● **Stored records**
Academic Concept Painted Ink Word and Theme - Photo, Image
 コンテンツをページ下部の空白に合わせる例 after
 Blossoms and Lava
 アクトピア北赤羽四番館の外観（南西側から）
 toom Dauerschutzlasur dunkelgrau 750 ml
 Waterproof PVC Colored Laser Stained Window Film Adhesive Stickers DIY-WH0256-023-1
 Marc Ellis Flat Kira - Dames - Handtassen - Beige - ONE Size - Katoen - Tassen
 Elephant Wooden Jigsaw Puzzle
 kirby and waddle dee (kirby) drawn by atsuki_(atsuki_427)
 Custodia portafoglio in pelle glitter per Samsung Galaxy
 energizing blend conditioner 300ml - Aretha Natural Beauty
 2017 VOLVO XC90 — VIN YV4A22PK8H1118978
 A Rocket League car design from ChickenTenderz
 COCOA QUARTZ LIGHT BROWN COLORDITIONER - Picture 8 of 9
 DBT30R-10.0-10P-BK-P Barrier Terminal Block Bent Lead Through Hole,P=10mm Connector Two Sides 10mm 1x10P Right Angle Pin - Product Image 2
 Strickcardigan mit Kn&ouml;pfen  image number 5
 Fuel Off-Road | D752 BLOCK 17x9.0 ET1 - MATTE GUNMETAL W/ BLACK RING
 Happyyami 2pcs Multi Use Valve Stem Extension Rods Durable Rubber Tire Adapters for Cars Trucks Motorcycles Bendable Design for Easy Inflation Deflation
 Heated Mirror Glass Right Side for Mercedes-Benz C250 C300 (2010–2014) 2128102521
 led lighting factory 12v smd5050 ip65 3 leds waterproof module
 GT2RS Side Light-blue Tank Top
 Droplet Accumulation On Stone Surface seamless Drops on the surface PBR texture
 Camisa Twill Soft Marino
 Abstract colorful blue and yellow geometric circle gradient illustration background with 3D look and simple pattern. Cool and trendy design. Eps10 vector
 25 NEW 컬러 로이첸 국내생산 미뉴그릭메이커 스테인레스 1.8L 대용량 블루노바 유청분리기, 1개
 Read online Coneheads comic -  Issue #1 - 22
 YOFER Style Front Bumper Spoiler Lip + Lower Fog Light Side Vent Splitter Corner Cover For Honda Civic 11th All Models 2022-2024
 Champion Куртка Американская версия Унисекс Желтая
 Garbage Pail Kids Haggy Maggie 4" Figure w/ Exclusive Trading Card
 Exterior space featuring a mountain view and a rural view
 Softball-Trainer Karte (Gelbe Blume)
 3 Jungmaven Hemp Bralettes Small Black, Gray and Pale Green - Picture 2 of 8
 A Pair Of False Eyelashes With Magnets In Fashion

● **What you will do**
Return exactly what appears in the records from the line with "toom Dauerschutzlasur dunkelgrau 750 ml" through the final line, and nothing else.

● **Task solution**
 toom Dauerschutzlasur dunkelgrau 750 ml
 Waterproof PVC Colored Laser Stained Window Film Adhesive Stickers DIY-WH0256-023-1
 Marc Ellis Flat Kira - Dames - Handtassen - Beige - ONE Size - Katoen - Tassen
 Elephant Wooden Jigsaw Puzzle
 kirby and waddle dee (kirby) drawn by atsuki_(atsuki_427)
 Custodia portafoglio in pelle glitter per Samsung Galaxy
 energizing blend conditioner 300ml - Aretha Natural Beauty
 2017 VOLVO XC90 — VIN YV4A22PK8H1118978
 A Rocket League car design from ChickenTenderz
 COCOA QUARTZ LIGHT BROWN COLORDITIONER - Picture 8 of 9
 DBT30R-10.0-10P-BK-P Barrier Terminal Block Bent Lead Through Hole,P=10mm Connector Two Sides 10mm 1x10P Right Angle Pin - Product Image 2
 Strickcardigan mit Kn&ouml;pfen  image number 5
 Fuel Off-Road | D752 BLOCK 17x9.0 ET1 - MATTE GUNMETAL W/ BLACK RING
 Happyyami 2pcs Multi Use Valve Stem Extension Rods Durable Rubber Tire Adapters for Cars Trucks Motorcycles Bendable Design for Easy Inflation Deflation
 Heated Mirror Glass Right Side for Mercedes-Benz C250 C300 (2010–2014) 2128102521
 led lighting factory 12v smd5050 ip65 3 leds waterproof module
 GT2RS Side Light-blue Tank Top
 Droplet Accumulation On Stone Surface seamless Drops on the surface PBR texture
 Camisa Twill Soft Marino
 Abstract colorful blue and yellow geometric circle gradient illustration background with 3D look and simple pattern. Cool and trendy design. Eps10 vector
 25 NEW 컬러 로이첸 국내생산 미뉴그릭메이커 스테인레스 1.8L 대용량 블루노바 유청분리기, 1개
 Read online Coneheads comic -  Issue #1 - 22
 YOFER Style Front Bumper Spoiler Lip + Lower Fog Light Side Vent Splitter Corner Cover For Honda Civic 11th All Models 2022-2024
 Champion Куртка Американская версия Унисекс Желтая
 Garbage Pail Kids Haggy Maggie 4" Figure w/ Exclusive Trading Card
 Exterior space featuring a mountain view and a rural view
 Softball-Trainer Karte (Gelbe Blume)
 3 Jungmaven Hemp Bralettes Small Black, Gray and Pale Green - Picture 2 of 8
 A Pair Of False Eyelashes With Magnets In Fashion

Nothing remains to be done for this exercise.